New Delhi: Time and again it has been reiterated that starting early is key to a strong financial foundation. But when to start, how much to start to get a robust return on retirement has several factors in play.
Among a host of essentials, two things that matter most is your financial goal and the age at which you want to kick start your investments.
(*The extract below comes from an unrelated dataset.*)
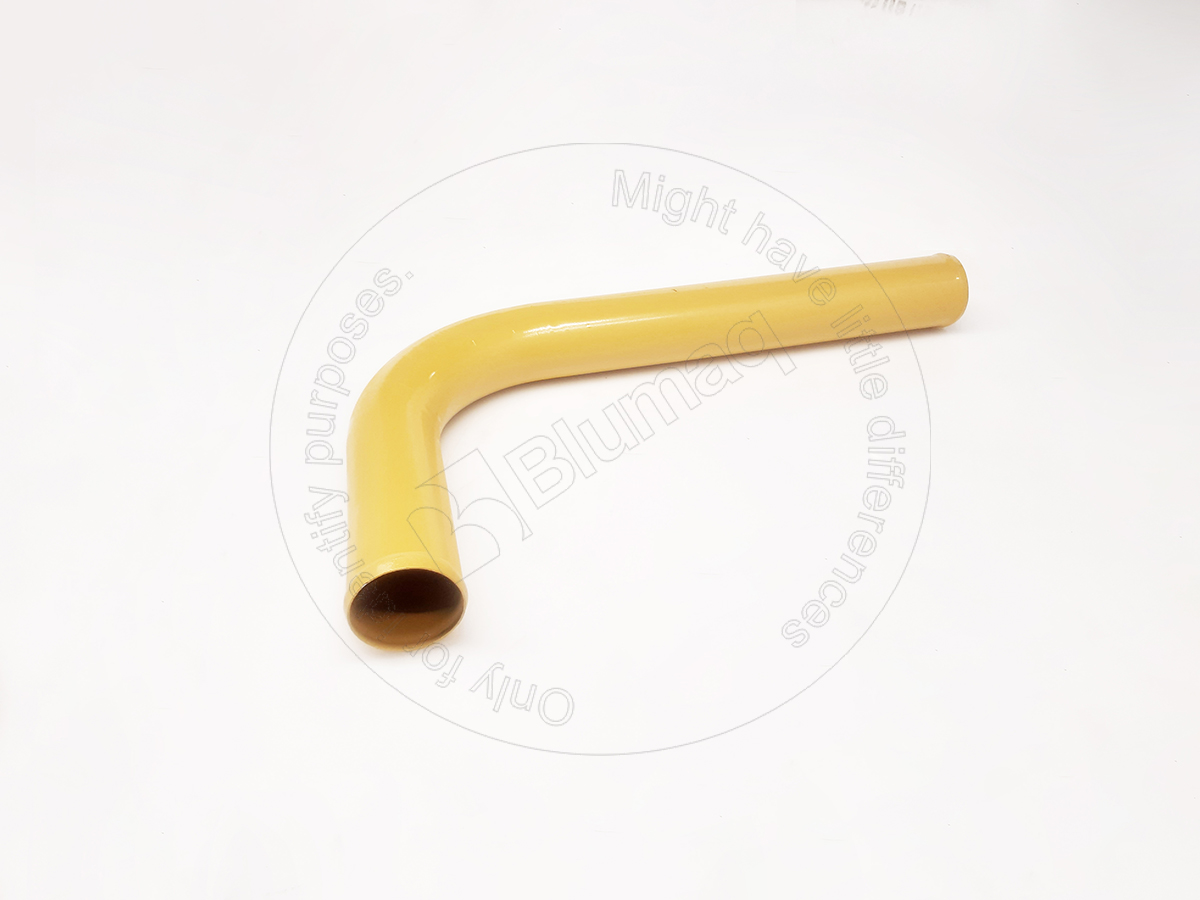 6N-4534 Tube for CATERPILLAR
Although starting early always has its benefits, one should, however not refrain from investing in future plans, thinking they haven't started early.
FundsIndia’s Wealth Conversation Report for the month of July 2025 has shared some interesting investment insights, stating that even a small amount invested early, makes a huge difference over a long time frame.
Monthly SIP Amount Required to Reach 10 crore at 60 years (@12% returns per annum)
As per FundsIndia’s report says that the following monthly SIP amount is required to reach Rs 10 crore at 60 years (@12% returns per annum).
If you start investing via SIP at the age of 25, the monthly SIP required is only Rs 15,000
But if you delay and start at the age of 30 the monthly SIP required is 2 times more at Rs 28,000
If you delay and start at the age of 40 the monthly SIP required is 6 times more at Rs 1,00,000
Source: FundsIndia Research
It mentions that Rs 1 lakh invested (assuming 12% per annum returns) at the age of 20, grows upto 100 times to Rs 1 crore when you reach 60 years. With a 10 years delay, i.e at the age of 30, your fund grows only 30 times to Rs 30 lakhs when you reach 60 years while for a 20 years delay i.e at the age of 40 your fund grows only 10 times to Rs 10 lakhs when you reach 60 years.
(The article is for informational purpose only and should not be construed as an investment guide.)